## [Information supplied]
╭──

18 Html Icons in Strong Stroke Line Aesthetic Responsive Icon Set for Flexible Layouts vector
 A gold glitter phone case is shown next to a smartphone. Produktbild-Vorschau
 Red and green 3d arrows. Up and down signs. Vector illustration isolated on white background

╰──

## [Exercise aim]
Would you please repeat the whole listing exactly as it is?

## [Problem solution]
18 Html Icons in Strong Stroke Line Aesthetic Responsive Icon Set for Flexible Layouts vector
 A gold glitter phone case is shown next to a smartphone. Produktbild-Vorschau
 Red and green 3d arrows. Up and down signs. Vector illustration isolated on white background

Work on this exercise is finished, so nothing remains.